Describe the solution you'd like
Add a convenience function which returns the not
value of df.isin
API breaking implications
No impact on API.
Additional context
This has already been done for isna
/notna
, and I find it very helpful—just borrowing the same idea.
Copied from frame.py
:
@doc(NDFrame.isna, klass=_shared_doc_kwargs["klass"])
def isna(self) -> DataFrame:
result = self._constructor(self._mgr.isna(func=isna))
return result.__finalize__(self, method="isna")
@doc(NDFrame.notna, klass=_shared_doc_kwargs["klass"])
def notna(self) -> DataFrame:
return ~self.isna()
Comment From: jreback
-0.5 on additional api like this
would take an update to the isin docs showing how to use invert as an enhancement
Comment From: ShivnarenSrinivasan
Sure, I'll do that
Comment From: ms7463
Would we possibly reconsider adding the notin
method? I agree with @ShivnarenSrinivasan ‘s opinion that the notin syntax is superior to ~isin
syntax. For one, it nicely emulates python’s x not in y
syntax.
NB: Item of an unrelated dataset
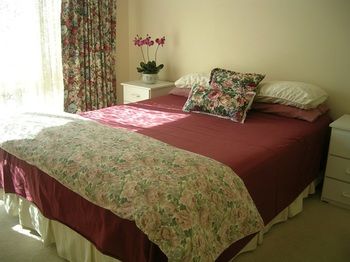 Australian Home Away At East Doncaster - Holiday Cairns 6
For me personally I find the current syntax adds just enough cognitive load to break my train of thought in both reading and writing code. For example, I often find myself writing out the isin portion then backtracking and adding the unary operator in the proper place to negate the expression.
Not to mention that all other is*
methods have a complementary not*
method (which I fully support).
I understand the reluctance to add more methods to these classes, but I think that notin
is a natural method to expect, and one that would be used much more than many other methods, to produce code that’s easier to read, write and understand.
Comment From: lucas-abbate
I agree with @aa1371. It makes code consistent with outside of pandas stuff, it makes reading a lot harder, and I use (and think many people use) ~isin
all the time. I know it adds more methods, but I think it makes it much easier to use (and to learn: all my students have to google always something like "pandas not in"), and I don´t think that the 3-4 lines it takes to add this method make any difference on the 12k+ lines of frame.py
.
I've never contributed, but I'm willing to learn just to make .notin()
work.